WHAT YOU NEED TO DO: Transcribe the line that contains "Map of Staravina" and every line after it to the end of the records, exactly and nothing else. Skip the pictures.

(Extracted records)
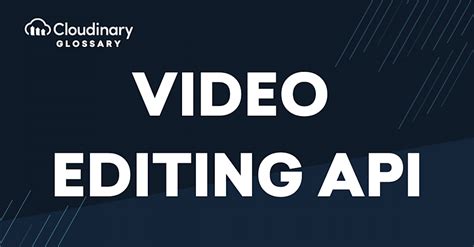 Image result for Video Editing.on API Cluster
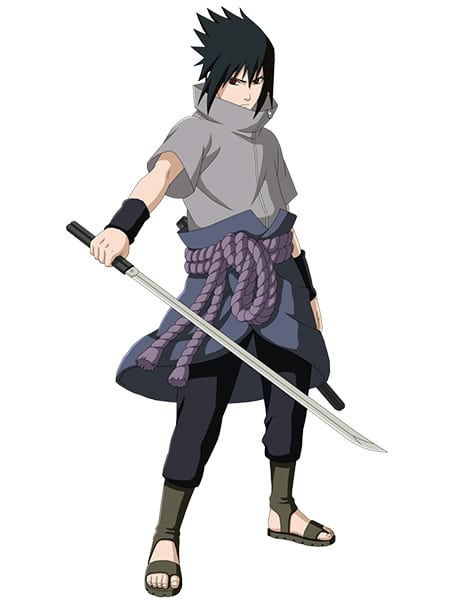 Sasuke Uchiha Rinnegan Glow in the Dark Chase nella serie Naruto Shippuden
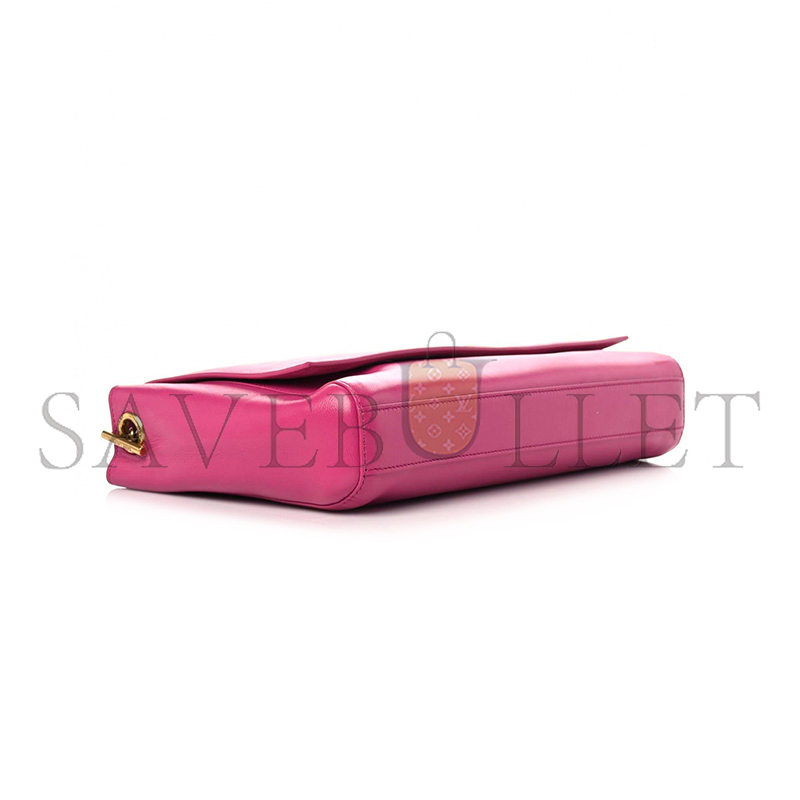 YSL KATE MEDIUM REVERSIBLE CHAIN BAG PINK 5538040UD7W5528 (28.5*20*6cm)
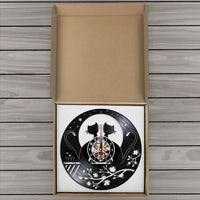 horloge vinyle chat de lune boite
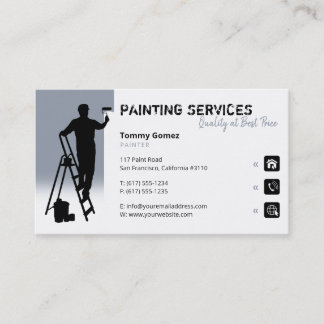 Painting Services | Painter at work Business Card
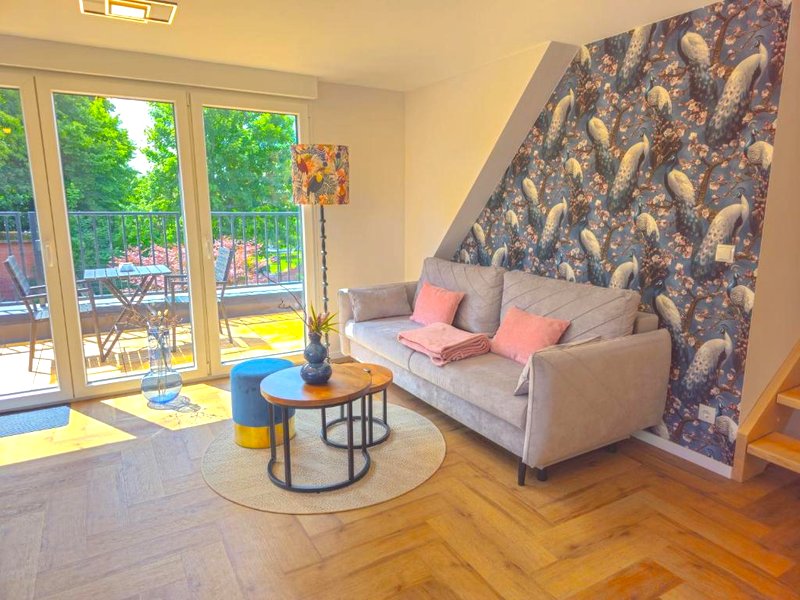 EcoCube 2 Haren - Sonnenbalkon, Badewanne, Waschmaschineの写真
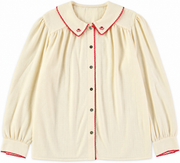 Blouse femme Simone col brodé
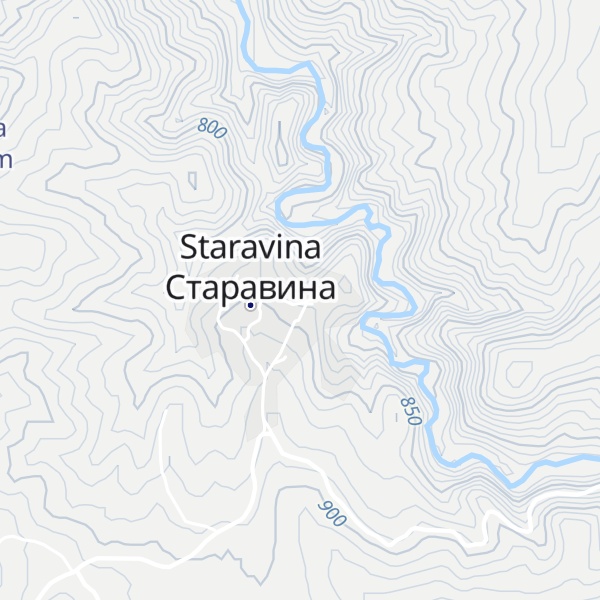 Map of Staravina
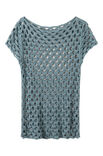 Lana Grossa SHIRT IM FILIGRANEN LOCHMUSTER Solo Lino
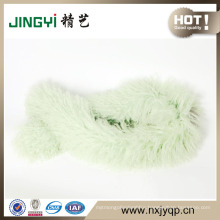 Wholesale Tibet Lamb Skin Real Fur Scarf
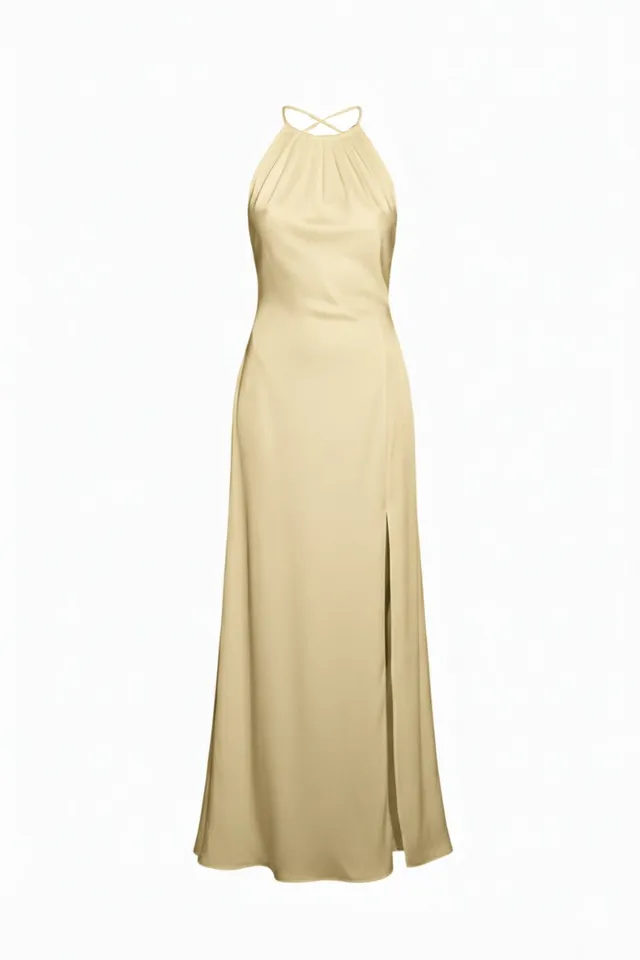 kaviar-gauche-emi-abendkleid-in-gelb-mit-schlitz image 1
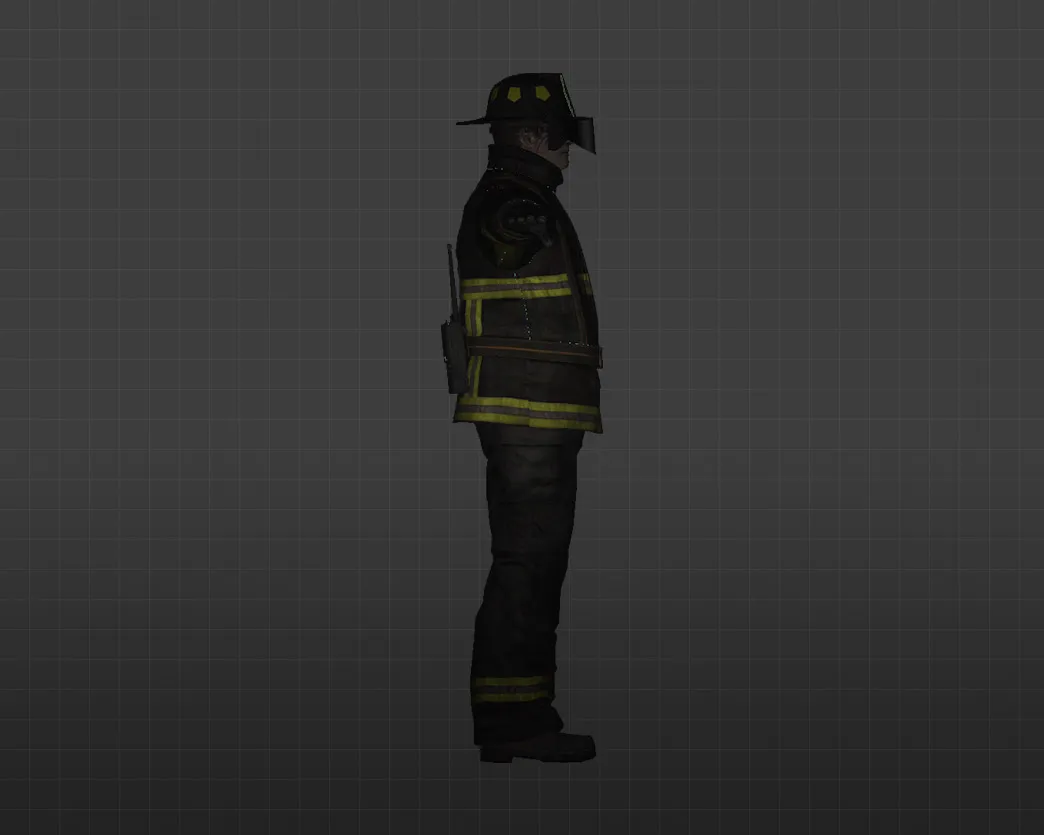 Скриншот Модель «Пожарный» для CS 1.6 - Уникальный скин для игроков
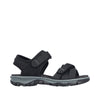 Rieker 68852-00 Sort – Komfortabel Damesandal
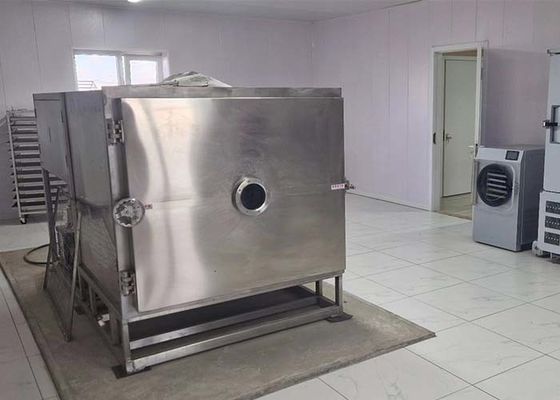 300kg/παρτίδα Τροφίμων Ατμοσφαιρικό στεγνωτήρα κατάψυξης Τελική λύση Υψηλή απόδοση στεγνώσεως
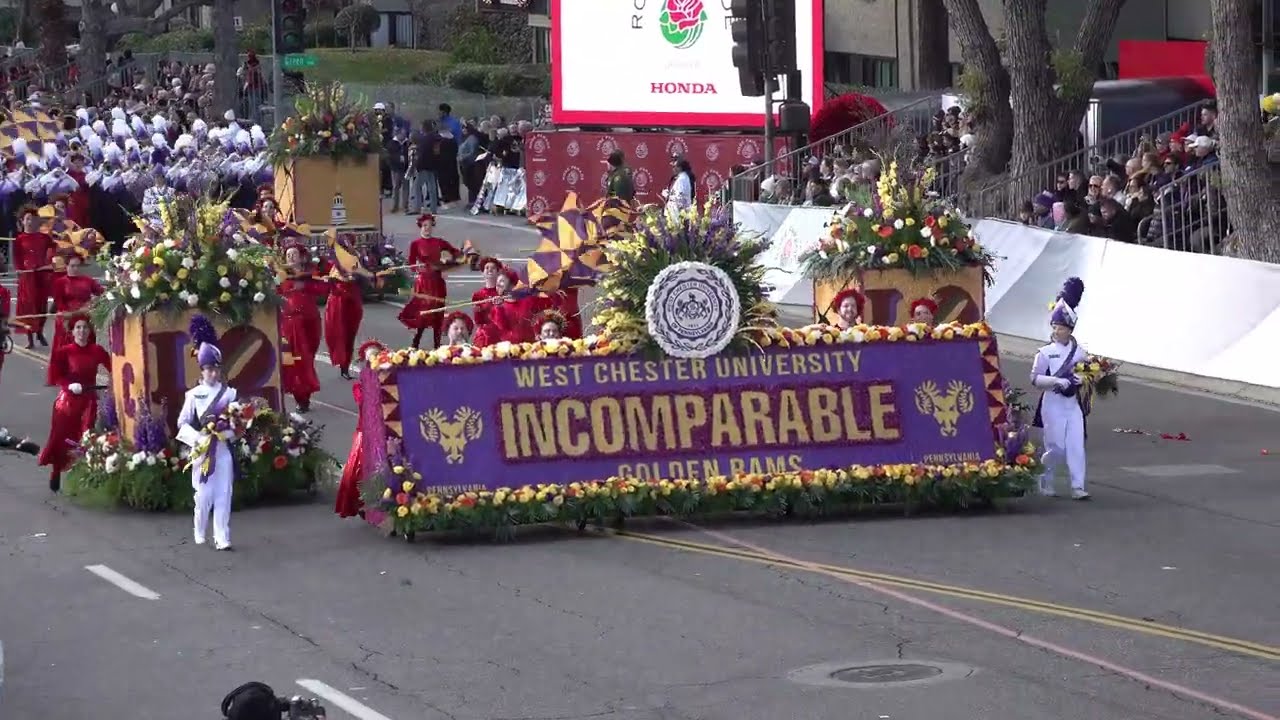 WCU INCOMPARABLE Golden Rams Marching Band - 2024 Pasadena Rose Parade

WRITTEN SOLUTION:
 Map of Staravina
 Lana Grossa SHIRT IM FILIGRANEN LOCHMUSTER Solo Lino
 Wholesale Tibet Lamb Skin Real Fur Scarf
 kaviar-gauche-emi-abendkleid-in-gelb-mit-schlitz image 1
 Скриншот Модель «Пожарный» для CS 1.6 - Уникальный скин для игроков
 Rieker 68852-00 Sort – Komfortabel Damesandal
 300kg/παρτίδα Τροφίμων Ατμοσφαιρικό στεγνωτήρα κατάψυξης Τελική λύση Υψηλή απόδοση στεγνώσεως
 WCU INCOMPARABLE Golden Rams Marching Band - 2024 Pasadena Rose Parade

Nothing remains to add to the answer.